== Goal of the exercise ==
The expected output is the line bearing "CantonCollective Design Embroidered" followed by all remaining lines of the records, each restated word for word.

== Records for processing ==
-----
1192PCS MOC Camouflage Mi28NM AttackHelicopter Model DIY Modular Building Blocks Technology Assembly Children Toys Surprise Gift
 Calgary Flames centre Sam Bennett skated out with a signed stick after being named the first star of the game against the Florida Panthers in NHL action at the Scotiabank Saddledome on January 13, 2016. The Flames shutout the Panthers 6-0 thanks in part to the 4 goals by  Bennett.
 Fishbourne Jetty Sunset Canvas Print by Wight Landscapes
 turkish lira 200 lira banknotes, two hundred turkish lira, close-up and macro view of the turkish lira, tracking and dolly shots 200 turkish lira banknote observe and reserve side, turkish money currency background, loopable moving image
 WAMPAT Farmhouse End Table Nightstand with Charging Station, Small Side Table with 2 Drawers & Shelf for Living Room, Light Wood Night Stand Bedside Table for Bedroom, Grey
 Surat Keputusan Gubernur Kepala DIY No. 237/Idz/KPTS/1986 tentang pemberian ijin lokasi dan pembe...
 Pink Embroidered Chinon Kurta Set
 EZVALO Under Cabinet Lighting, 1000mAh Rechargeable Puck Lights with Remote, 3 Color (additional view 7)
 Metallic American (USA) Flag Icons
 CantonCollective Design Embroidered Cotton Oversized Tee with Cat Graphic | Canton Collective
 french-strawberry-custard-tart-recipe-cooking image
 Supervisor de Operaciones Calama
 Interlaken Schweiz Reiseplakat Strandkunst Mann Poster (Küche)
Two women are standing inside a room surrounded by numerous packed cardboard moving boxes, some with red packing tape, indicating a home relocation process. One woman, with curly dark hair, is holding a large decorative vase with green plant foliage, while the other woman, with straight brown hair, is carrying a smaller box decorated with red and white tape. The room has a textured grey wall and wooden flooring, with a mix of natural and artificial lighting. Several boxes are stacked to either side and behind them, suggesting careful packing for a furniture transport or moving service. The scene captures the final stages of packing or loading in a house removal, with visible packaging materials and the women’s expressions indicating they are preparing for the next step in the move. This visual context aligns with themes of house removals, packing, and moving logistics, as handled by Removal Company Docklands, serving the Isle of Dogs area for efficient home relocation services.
-----
== Answer box ==
 CantonCollective Design Embroidered Cotton Oversized Tee with Cat Graphic | Canton Collective
 french-strawberry-custard-tart-recipe-cooking image
 Supervisor de Operaciones Calama
 Interlaken Schweiz Reiseplakat Strandkunst Mann Poster (Küche)
Two women are standing inside a room surrounded by numerous packed cardboard moving boxes, some with red packing tape, indicating a home relocation process. One woman, with curly dark hair, is holding a large decorative vase with green plant foliage, while the other woman, with straight brown hair, is carrying a smaller box decorated with red and white tape. The room has a textured grey wall and wooden flooring, with a mix of natural and artificial lighting. Several boxes are stacked to either side and behind them, suggesting careful packing for a furniture transport or moving service. The scene captures the final stages of packing or loading in a house removal, with visible packaging materials and the women’s expressions indicating they are preparing for the next step in the move. This visual context aligns with themes of house removals, packing, and moving logistics, as handled by Removal Company Docklands, serving the Isle of Dogs area for efficient home relocation services.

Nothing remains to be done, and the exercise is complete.